February 13, 2020

Your Valentine’s Day Survival Guide.


It’s Valentine’s Day again.

You’re back here again. Wondering what’s wrong with you that you’re single or why your partner isn’t putting more effort into professing their love for you.

As a couple’s therapist, Valentine’s Day week never fails to be my busiest week of the year. Valentine’s Day is supposed to be a day that is filled with love, sex, and romance—but for so many, it’s not.

It is this expectation of romance that causes problems for couples (and singles). Couples come into my office upset at their partner yet again for failing to live up to up to their arbitrary expectations. Or, it serves to remind them they are spending another year in a loveless relationship.

For singles, Valentine’s Day is equally painful. It forces them to accept the reality that they are spending another Valentine’s Day alone. It can be a downhill spiral of negative self-talk, blocking love-filled friends on social media, and endless reminiscing about that ex from a few years ago.

You can choose to spend this Valentine’s Day the same way you spent the last one—lonely, sad, and disappointed. Or you can embrace it and use as an opportunity to enhance your love life.

This year, instead of just surviving Valentine’s Day, use it as an opportunity to thrive.

Here are some Valentine’s Day tips:

1. Change your story about Valentine’s Day. Most people see Valentine’s Day as a day wherein your significant other expresses their undying love for you.
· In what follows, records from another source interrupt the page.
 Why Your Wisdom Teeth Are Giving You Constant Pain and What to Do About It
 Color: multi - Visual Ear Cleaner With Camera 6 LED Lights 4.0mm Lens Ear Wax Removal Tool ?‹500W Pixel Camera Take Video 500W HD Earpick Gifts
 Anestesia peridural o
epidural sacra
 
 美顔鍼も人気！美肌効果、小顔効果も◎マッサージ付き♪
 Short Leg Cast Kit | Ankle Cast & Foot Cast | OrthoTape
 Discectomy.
This is a setup for disappointment.

Instead, transform your definition of Valentine’s Day into an opportunity to give love freely to yourself and others.

2. Romance yourself. We have a tendency to think about romance as something that someone else does for us. But, in fact, romance is a feeling. This feeling begins with you.
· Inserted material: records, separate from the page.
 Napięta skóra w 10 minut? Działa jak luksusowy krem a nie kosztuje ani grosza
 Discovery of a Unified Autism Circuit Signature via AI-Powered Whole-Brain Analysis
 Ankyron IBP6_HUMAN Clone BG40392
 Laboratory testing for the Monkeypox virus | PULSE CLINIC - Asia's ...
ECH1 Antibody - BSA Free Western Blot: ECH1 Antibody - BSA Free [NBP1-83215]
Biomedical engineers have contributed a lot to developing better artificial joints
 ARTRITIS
If you want more of it in your life, allow it to flow through you. Spend time romancing yourself. This is true for singles and couples. How attractive is someone who is filled with love and romance?
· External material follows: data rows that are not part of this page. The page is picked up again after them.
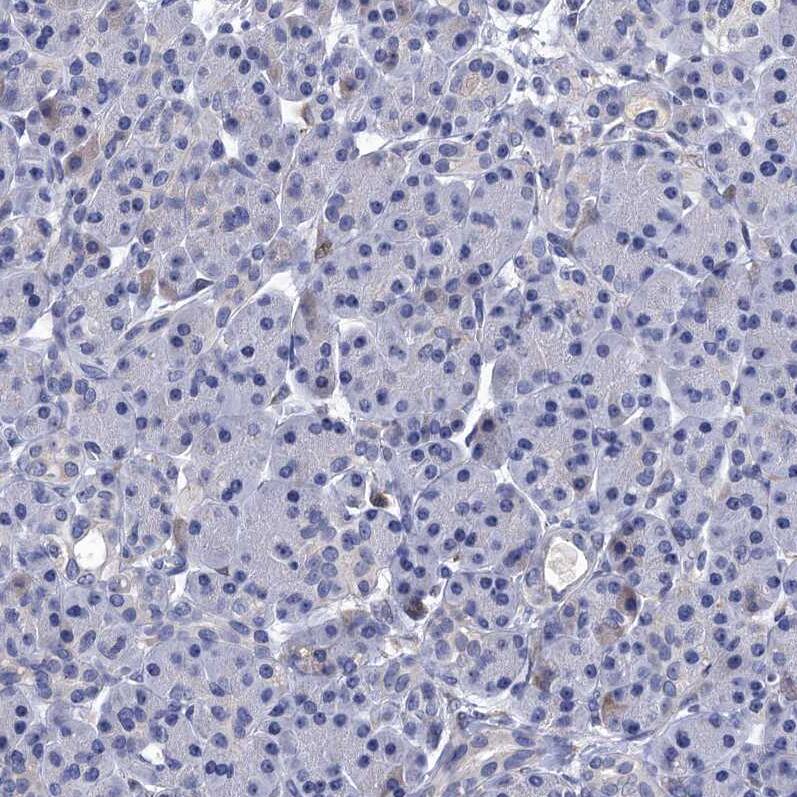 Mindin/Spondin-2 Antibody - BSA Free Immunohistochemistry-Paraffin: Mindin/Spondin-2 Antibody [NBP2-30500]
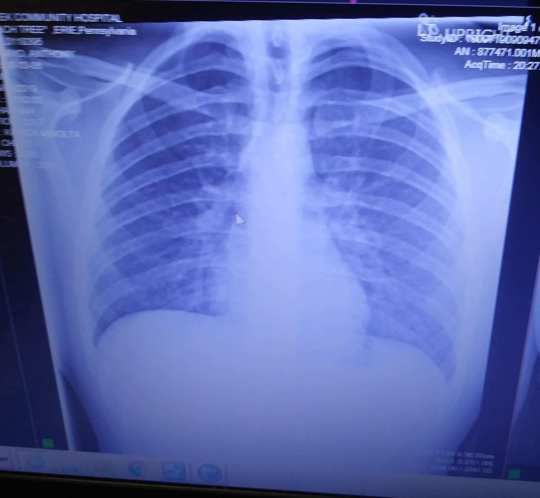 Shocking X rays show how vaping left teen s lungs caked with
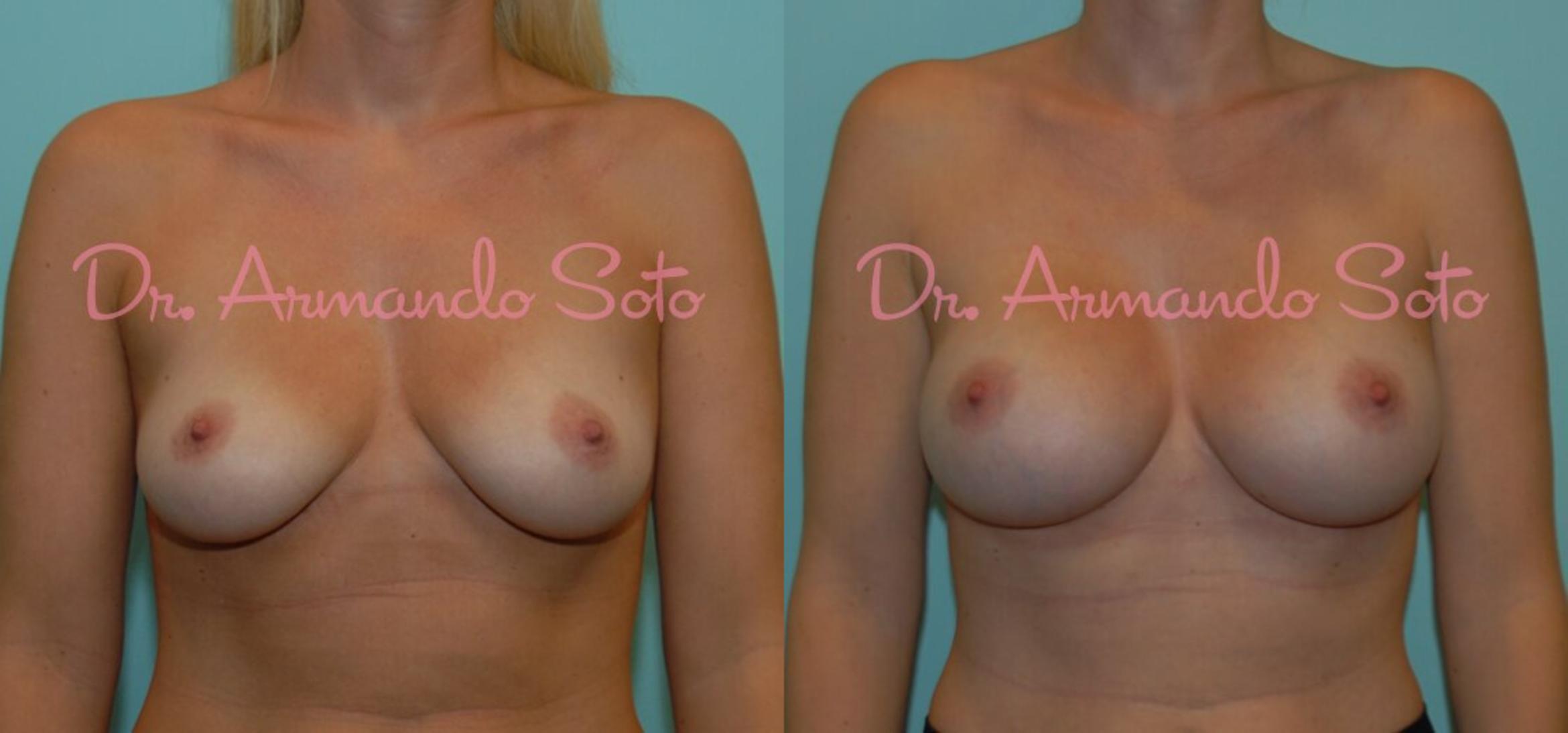 Before & After Breast Augmentation Case 23433 View #1 View in Orlando, FL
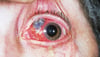 Necrotizing Scleritis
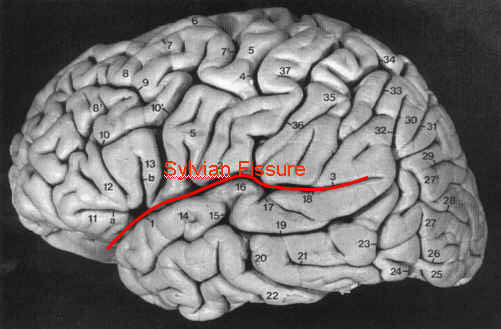 Hình ảnh rãnh Sylvian trên não người Các nhà khoa học đã làm gì với bộ não của Albert Einstein sau khi ông mất?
3. Take a risk. Since Valentine’s Day forces you to reflect on the current status of your love life, use that information to make a change. If you are single, make a decision to be a more active dater (if that’s what you want); start an online dating profile, agree to a blind date, or spend more time in social activities. For couples, take a moment to make a list of all the things you love and appreciate about your partner and share it with them.

Let Valentine’s Day be a day where you express your satisfaction. If your relationship is in trouble, get help. But, wait a few days to bring it up.

Valentine’s Day is what you make it. Instead of being one of the many sad and lonely people waiting around to get struck by Cupid’s arrow, this year, take action. Make Valentine’s Day work for you. Remember love and romance are feelings, and they start with you.